The North Korean tensions that were so prominent two weeks ago have not gone away, but have moved a bit more to the background. While the eventual outcome remains an open question, the fact that the situation has not immediately deteriorated further has been enough for risk appetite to recover and markets to regain their footing.
Indeed after the short-lived spikes in market volatility last week, we have seen these measures decline back to the average level of the last year. Whether this is justified or not is debatable, however what is not in question is that the selling of volatility has become an increasingly popular strategy. These strategies take positions that benefit from an ongoing decline in equity volatility but are very susceptible to sudden spikes, like the ones we witnessed over the last two weeks.
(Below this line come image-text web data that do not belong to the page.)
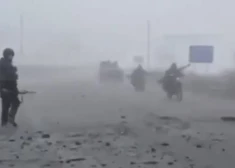 "Z" blogeris saceļ traci par krievu karavīru iznīcināšanu, saistībā ar video, kur okupanti iesoļo Pokrovskā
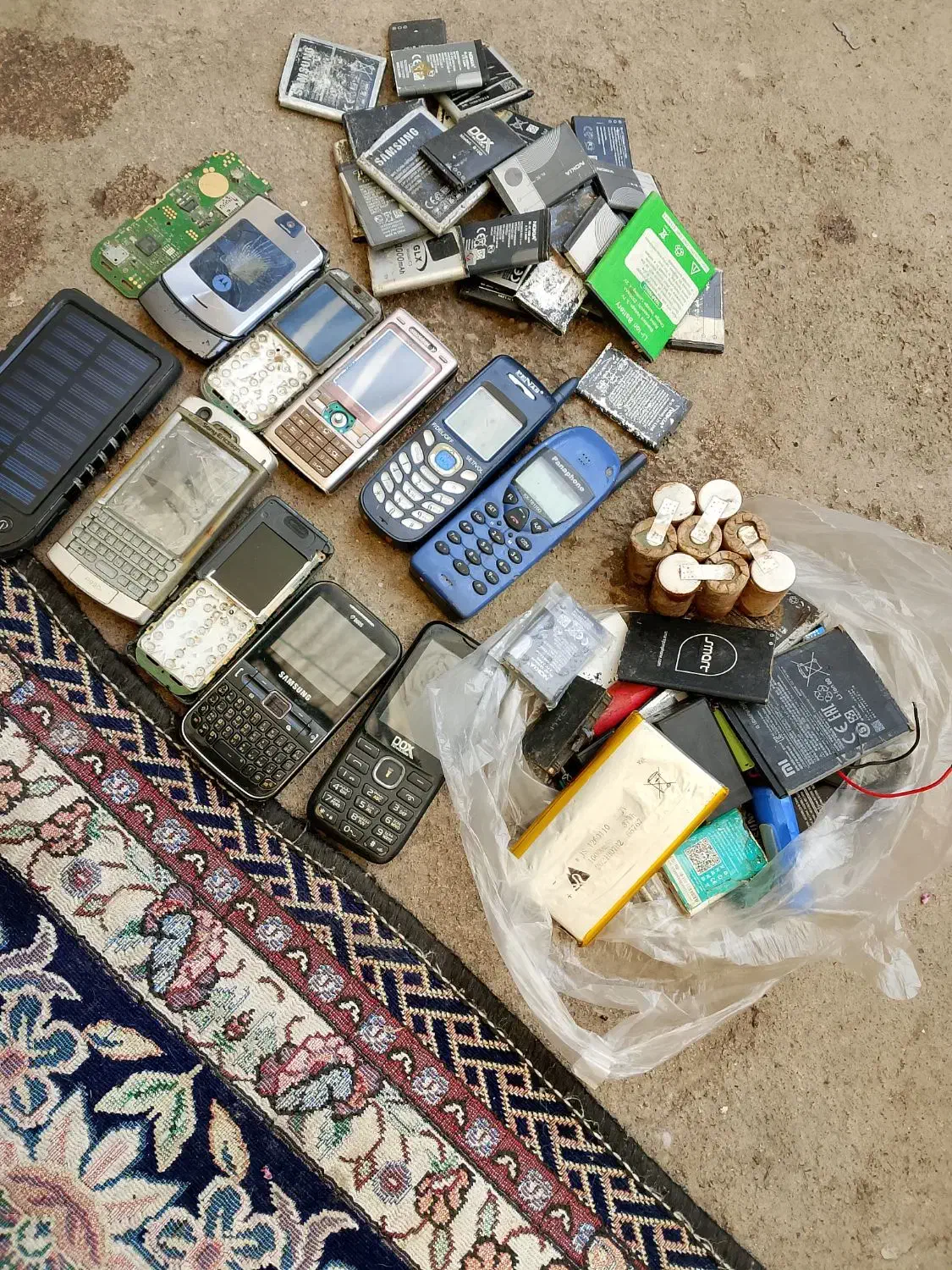 مقداری گوشی و باطری|لوازم جانبی موبایل و تبلت|لاهیجان, آهندان|دیوار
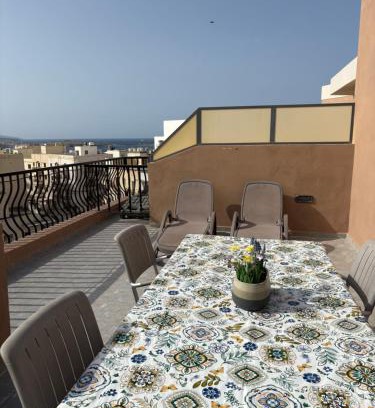 Bugibba Apartment | Cosy 2 Bedroom Penthouse with Terraces & seaview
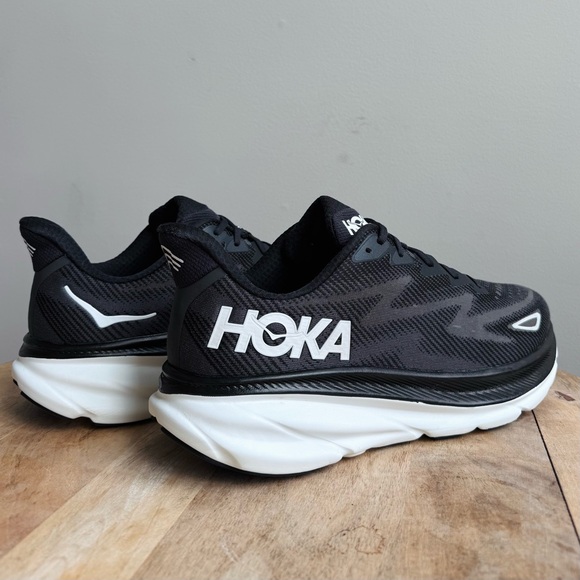 Hoka One Shoes Men 9.5D Clifton 9 Black White Running Shoes Walking Comfort - Picture 3 of 15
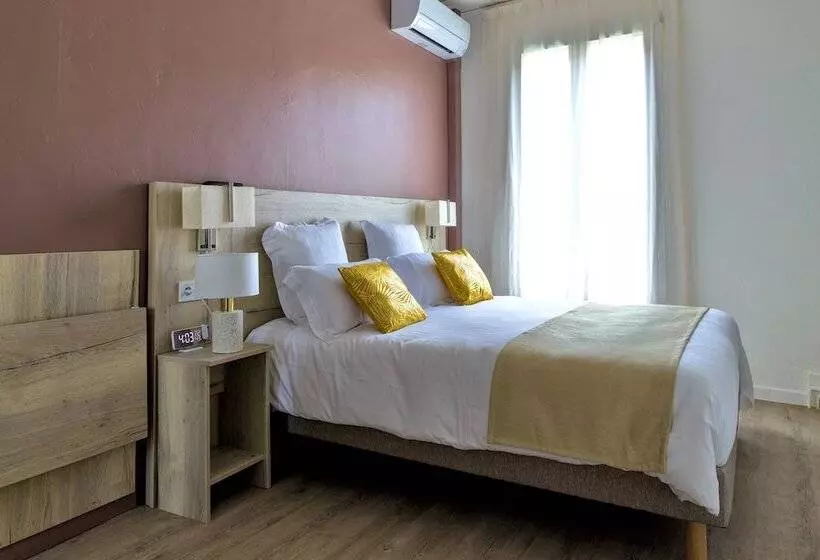 ホテル Hôtel Du Golfe Sete Balaruc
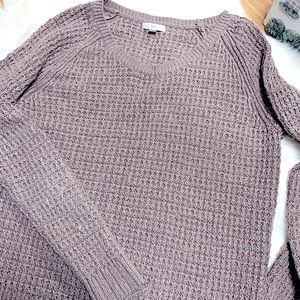 GAP’s Cozy Mocha Waffle Textured Soft Cozy V-neck Pullover
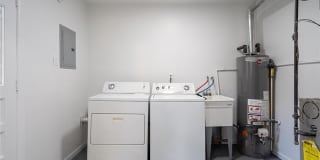 8095 Syracuse Street Gallery 17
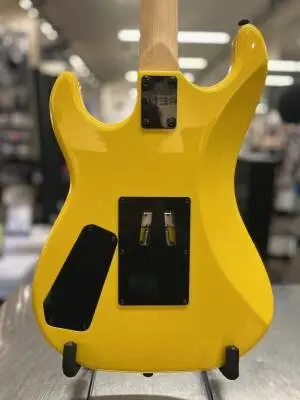 Kramer Baretta - Bumblebee Yellow 2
Nevertheless even after suffering a peak-to-trough loss of 25%, in the space of two weeks, investors in ETF’s that follow this strategy doubled down with new inflows taking the assets invested to a new record for the year.
This type of behaviour makes sense for as long as you believe the current market environment we are experiencing is the one that will continue to prevail. Extended periods of low volatility are more the exception rather than the norm, with the last comparable period being in 2004-2006, and while they tend not to last, perhaps “this time is different”.
There are a few contributors to the low volatility environment, with confidence in the growth outlook, and confidence that central banks will maintain accommodative monetary policies, two of the most important ones. We will get some additional information on the second of these this week, with the upcoming Jackson Hole conference. Given that the theme of this year’s event is “Fostering a Dynamic Global Economy”, we should probably not be expecting anything from Fed Chair Yellen or ECB President Draghi that will upset markets too greatly.
Nevertheless we note that markets are already priced for a continuation of very dovish policy from central banks even as the growth picture continues to. Moreover, there is always the possibility that comments can be misinterpreted or cause investors to re-assess their thinking. While our fundamental and behavioural data support a move to a slightly more positive stance on government bonds, relative to recent weeks, we hold onto our medium underweight in Treasuries ahead of the event.